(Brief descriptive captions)
────────────────────

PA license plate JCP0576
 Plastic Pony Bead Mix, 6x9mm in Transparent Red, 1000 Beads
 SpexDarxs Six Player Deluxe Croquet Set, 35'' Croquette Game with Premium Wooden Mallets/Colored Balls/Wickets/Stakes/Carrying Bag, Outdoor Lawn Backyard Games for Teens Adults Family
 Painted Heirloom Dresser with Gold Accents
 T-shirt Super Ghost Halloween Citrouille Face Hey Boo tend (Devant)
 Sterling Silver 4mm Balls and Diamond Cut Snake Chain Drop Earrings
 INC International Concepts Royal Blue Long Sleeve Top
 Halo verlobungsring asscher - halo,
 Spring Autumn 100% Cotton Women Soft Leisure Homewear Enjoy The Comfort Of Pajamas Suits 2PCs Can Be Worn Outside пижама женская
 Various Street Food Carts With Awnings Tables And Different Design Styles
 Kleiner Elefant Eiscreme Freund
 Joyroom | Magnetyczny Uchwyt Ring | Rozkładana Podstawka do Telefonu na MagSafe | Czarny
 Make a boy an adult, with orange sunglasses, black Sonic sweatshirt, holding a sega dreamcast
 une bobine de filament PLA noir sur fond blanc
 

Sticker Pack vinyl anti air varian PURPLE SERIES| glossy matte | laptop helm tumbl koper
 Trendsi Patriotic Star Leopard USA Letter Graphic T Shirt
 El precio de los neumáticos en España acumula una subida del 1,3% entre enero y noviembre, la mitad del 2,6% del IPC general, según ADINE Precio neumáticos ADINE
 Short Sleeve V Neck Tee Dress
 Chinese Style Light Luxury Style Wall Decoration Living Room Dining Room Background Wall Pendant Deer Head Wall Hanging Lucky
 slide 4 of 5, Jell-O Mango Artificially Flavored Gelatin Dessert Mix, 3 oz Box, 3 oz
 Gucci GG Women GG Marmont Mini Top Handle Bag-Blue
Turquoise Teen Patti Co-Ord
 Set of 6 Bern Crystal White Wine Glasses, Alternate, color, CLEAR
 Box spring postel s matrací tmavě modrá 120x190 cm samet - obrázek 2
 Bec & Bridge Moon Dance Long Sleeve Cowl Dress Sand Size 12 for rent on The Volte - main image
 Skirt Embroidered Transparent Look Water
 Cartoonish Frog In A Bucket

────────────────────

▸ **What this task involves**: From the entries above, collect every line with the string "Women" in it.

▸ **Your response**:
 Spring Autumn 100% Cotton Women Soft Leisure Homewear Enjoy The Comfort Of Pajamas Suits 2PCs Can Be Worn Outside пижама женская
 Gucci GG Women GG Marmont Mini Top Handle Bag-Blue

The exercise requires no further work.